Arfan, il barbiere volontario pachistano
Arfan, il barbiere volontario pachistano

Accoglienza. Ma sono diversi i sacerdoti delle comunità della terraferma che stanno pensando come poter “fare di più” per i profughi e i migranti, sulla scorta di quanto chiesto dal patriarca Francesco Moraglia. Il parroco della Cita ha ottimi rapporti anche con le comunità islamiche di Marghera, quella di via Monzani e quella dei bengalesi e si occupa assieme alla parrocchia di cinque profughi che risiedono in un appartamento alla Cita, tre dei quali arrivati alla fine della scorsa settimana e frutto della collaborazione con la Prefettura: «L’appello di Papa Francesco è fortissimo. Colpisce la sua concretezza e noi abbiamo bisogno di questo. Non si possono più fare discorsi vaghi. Il Patriarca non ci chiede solo di predicare, ci chiede concretezza». «Non abbiamo spazio materiale», ripete, «ma è costante la nostra attività parrocchiale a favore dell’integrazione. Se ogni parrocchia cercasse un appartamento, si potrebbe fare molto: bisogna trovare soluzioni concrete di accoglienza. Essere cristiani in questo contesto è una discriminante, uno spartiacque: se sei cristiano accogli».

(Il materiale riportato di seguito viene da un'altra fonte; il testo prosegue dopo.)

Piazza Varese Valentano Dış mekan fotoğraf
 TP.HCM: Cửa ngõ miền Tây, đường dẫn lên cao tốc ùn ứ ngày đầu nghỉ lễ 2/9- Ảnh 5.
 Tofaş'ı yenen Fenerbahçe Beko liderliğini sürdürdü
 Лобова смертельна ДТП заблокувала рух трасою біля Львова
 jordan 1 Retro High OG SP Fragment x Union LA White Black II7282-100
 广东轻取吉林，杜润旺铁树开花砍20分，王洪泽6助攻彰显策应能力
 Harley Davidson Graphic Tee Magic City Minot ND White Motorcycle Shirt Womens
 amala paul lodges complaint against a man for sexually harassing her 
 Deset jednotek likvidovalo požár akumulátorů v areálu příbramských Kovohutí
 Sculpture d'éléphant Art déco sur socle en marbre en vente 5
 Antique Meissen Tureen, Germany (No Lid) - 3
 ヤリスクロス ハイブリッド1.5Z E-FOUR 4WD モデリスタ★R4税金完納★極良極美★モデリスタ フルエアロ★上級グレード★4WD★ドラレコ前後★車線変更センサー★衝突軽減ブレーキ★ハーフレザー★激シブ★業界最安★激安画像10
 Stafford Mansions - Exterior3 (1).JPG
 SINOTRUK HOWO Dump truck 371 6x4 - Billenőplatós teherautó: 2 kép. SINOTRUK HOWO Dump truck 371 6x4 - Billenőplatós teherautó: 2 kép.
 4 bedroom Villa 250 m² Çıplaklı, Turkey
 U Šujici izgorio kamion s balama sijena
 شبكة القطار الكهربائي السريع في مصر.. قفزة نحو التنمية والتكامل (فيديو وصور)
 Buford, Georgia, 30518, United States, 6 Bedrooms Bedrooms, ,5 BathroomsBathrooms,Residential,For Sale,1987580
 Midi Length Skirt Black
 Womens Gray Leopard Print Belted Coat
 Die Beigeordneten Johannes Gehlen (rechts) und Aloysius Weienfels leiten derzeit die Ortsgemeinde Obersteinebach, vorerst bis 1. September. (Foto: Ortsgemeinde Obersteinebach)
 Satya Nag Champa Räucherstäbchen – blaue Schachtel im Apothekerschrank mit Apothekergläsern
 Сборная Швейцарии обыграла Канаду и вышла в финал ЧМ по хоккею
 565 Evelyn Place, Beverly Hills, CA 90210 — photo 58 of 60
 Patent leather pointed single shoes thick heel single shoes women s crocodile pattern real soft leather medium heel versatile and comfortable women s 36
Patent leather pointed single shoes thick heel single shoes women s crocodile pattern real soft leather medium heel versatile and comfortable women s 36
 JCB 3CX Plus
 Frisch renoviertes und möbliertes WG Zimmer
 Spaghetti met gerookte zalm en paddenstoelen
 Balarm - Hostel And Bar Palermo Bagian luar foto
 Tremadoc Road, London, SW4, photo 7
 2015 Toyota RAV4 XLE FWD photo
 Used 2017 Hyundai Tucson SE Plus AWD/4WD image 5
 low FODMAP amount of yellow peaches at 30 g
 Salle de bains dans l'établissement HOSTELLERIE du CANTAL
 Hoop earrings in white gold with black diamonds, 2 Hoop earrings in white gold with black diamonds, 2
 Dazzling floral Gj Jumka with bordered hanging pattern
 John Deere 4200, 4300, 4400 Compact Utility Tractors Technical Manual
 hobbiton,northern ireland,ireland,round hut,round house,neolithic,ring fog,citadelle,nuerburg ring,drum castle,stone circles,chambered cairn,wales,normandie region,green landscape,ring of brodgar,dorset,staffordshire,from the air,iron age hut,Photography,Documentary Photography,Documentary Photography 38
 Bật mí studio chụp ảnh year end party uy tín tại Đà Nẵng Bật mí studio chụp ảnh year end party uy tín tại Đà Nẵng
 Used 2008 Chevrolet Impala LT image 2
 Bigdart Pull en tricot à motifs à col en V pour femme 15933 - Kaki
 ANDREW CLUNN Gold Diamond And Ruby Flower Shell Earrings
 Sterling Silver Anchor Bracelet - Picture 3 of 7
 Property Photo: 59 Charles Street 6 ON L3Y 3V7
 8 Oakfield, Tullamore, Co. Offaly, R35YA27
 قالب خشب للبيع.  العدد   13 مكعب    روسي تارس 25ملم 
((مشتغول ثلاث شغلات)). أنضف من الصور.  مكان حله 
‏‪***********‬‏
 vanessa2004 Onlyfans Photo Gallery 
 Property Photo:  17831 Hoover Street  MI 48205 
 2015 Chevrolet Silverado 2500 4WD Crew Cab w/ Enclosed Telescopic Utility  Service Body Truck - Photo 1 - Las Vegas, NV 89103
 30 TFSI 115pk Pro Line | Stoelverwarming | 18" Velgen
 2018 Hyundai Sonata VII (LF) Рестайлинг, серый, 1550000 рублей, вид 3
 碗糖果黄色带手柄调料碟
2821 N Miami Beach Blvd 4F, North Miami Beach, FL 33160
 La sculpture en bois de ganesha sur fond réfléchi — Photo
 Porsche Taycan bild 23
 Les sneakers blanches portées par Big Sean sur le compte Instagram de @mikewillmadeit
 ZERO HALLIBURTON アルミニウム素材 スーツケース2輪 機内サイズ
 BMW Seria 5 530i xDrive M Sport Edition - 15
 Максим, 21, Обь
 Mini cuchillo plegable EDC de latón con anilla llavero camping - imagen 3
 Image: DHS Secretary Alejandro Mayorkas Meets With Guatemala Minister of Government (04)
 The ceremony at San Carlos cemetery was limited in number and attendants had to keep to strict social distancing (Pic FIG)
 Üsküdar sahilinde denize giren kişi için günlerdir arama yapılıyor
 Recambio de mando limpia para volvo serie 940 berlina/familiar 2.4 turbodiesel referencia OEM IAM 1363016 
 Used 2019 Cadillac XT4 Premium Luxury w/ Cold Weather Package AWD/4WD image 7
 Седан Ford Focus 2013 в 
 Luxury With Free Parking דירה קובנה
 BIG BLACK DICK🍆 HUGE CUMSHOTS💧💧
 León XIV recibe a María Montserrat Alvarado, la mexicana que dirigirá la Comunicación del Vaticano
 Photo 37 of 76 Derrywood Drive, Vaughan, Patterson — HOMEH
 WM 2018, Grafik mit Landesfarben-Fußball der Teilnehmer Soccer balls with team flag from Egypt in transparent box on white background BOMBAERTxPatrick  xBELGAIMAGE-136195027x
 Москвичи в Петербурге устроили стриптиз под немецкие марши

Mestre. Anche la parrocchia del Corpus Domini in centro a Mestre, è in prima linea: «Nella nostra parrocchia», spiega don Sandro Manfrè, «c’è uno spazio gestito dalla cooperativa Il Lievito in via Gagliardi che ospita i profughi già da un anno, accogliamo circa una ventina di persone, soprattutto mamme con bambini, c’è anche una famiglia siriana». «Stiamo riflettendo sull’accoglienza diffusa», precisa il vicario foraneo di Favaro Don Massimo Cadamuro, «evitando di costruire centri più o meno grossi, bisogna essere capaci di intessere relazioni, e qui entrano in gioco le famiglie. Le idee sono due: la parrocchia tutor per l’affitto di un appartamento, ossia inserire i profughi in un contesto di famiglie, anche negli spazi comunitari se serve, oppure accogliere dei minori in canonica, sempre seguiti. Poi serve il supporto di una cooperativa o della Caritas, per farli lavorare. In ogni caso ciò che faremo sarà aperto a tutti, italiani, profughi, migranti». La parrocchia dei Santi Gervasio e Protasio di Carpenedo, come ha spiegato il parroco don Gianni Antoniazzi in chiesa domenica, non è da meno: «Ospitiamo 13 profughi», spiega, «tre famiglie che risiedono in tre appartamenti della parrocchia, due ortodosse, una musulmana. E poi c’è la scuola parrocchiale per stranieri, che segue 20 persone, la Bottega solidale che sfama migliaia di persone, italiani e non, e i centri Don Vecchi, che danno lavoro a diversi extracomunitari. Infine la San Vincenzo, che cura molti stranieri oltre che italiani».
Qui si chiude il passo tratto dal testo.